Um dos artigos afirma expressamente que, para garantir a segurança, a paz e a estabilidade, cada parte concederá à outra parte o direito de construir, usar e melhorar suas infraestruturas militares e bases militares em seu território.

As formas de execução desse direito estarão sujeitas a outros acordos separados. A Rússia também apoiará os sistemas financeiros e bancários das duas regiões separatistas.

O reconhecimento dos enclaves por Moscou na segunda-feira estimulou os Estados Unidos e seus aliados a se prepararem para um novo conjunto de sanções à Rússia depois que também enviou forças que descreveu como tropas de manutenção da paz.

Líderes europeus disseram na manhã de terça-feira que as forças do Kremlin chegaram às autoproclamadas repúblicas. O chefe de política externa da União Europeia, Josep Borrell, disse que “as tropas russas estão em solo ucraniano”, mas que não foi uma “invasão completa”. Enquanto isso, o chanceler alemão Olaf Scholz disse na terça-feira que suspenderia a autorização do Nord Stream 2, o controverso gasoduto entre a Alemanha e a Rússia, por enquanto.

O presidente ucraniano Volodymyr Zelensky disse que “não daremos nada a ninguém” e que as fronteiras internacionalmente reconhecidas da Ucrânia “permanecerão assim, apesar de quaisquer declarações ou ações tomadas pela Federação Russa”.

As manobras da Rússia foram fortemente repreendidas por várias nações em uma reunião convocada às pressas do Conselho de Segurança das Nações Unidas na noite de segunda-feira, 21.

O que são as repúblicas populares de Donetsk e Luhansk?

Autoproclamadas, mas quase totalmente dependentes do apoio do Kremlin, as Repúblicas Populares de Donetsk e Luhansk declararam independência de Kiev em abril de 2014, depois que milícias apoiadas pela Rússia tomaram o controle de sedes do governo local e outras infraestruturas após a invasão da Crimeia por Moscou.

Os territórios fazem fronteira com a Rússia no flanco leste da Ucrânia.
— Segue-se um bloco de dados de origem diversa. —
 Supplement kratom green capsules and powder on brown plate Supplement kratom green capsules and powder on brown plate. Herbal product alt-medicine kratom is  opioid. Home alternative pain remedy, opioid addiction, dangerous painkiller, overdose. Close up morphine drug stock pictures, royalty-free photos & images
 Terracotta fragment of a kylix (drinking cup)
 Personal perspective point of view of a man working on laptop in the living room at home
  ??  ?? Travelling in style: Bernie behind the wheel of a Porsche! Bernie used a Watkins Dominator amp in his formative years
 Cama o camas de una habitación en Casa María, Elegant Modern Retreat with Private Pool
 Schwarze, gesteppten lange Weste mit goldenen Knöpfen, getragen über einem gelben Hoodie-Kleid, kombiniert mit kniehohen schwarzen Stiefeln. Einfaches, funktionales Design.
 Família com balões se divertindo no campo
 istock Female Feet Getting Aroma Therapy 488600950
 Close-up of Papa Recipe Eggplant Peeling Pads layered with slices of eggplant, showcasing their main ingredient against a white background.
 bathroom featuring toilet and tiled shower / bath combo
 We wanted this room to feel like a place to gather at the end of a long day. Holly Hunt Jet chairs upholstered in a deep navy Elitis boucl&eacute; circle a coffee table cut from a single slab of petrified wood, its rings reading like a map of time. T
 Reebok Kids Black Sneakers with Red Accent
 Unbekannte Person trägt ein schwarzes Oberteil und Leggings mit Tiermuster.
Grande parte da população da região, que abriga mais de 3 milhões de pessoas, fala a língua russa. A área recebeu grandes quantidades de assistência financeira, humanitária e militar do Kremlin. O apoio de Moscou às regiões veio depois que o movimento pró-ocidental que ficou conhecido como Maidan, que ocupou por meses a Praça da Independência (Maidan Nezalezhnosti), no centro de Kiev, derrubou o presidente pró-Rússia da Ucrânia em fevereiro de 2014.

Sob os acordos de Minsk – negociações de paz mediadas pela França e Alemanha – um cessar-fogo deixou os separatistas no controle “de facto” de cerca de um terço dos distritos administrativos ucranianos de Donetsk e Luhansk, com uma linha de controle pesadamente fortificada separando-os das tropas ucranianas.

A Ucrânia descreve as regiões como “territórios temporariamente ocupados” e os acordos de Minsk preveem seu eventual retorno a Kiev. Mas tanto a Ucrânia quanto a Rússia falharam em implementar os termos dos acordos, deixando o status dos territórios no limbo.

Desde então, a Ucrânia diz que cerca de 15.000 pessoas foram mortas em combates. A Rússia nega ser parte do conflito, mas apoiou os separatistas de várias maneiras, inclusive por meio de apoio militar secreto, ajuda financeira, fornecimento de vacinas contra a covid-19 e emissão de pelo menos 800.000 passaportes russos para residentes. Moscou sempre negou ter planejado invadir a Ucrânia.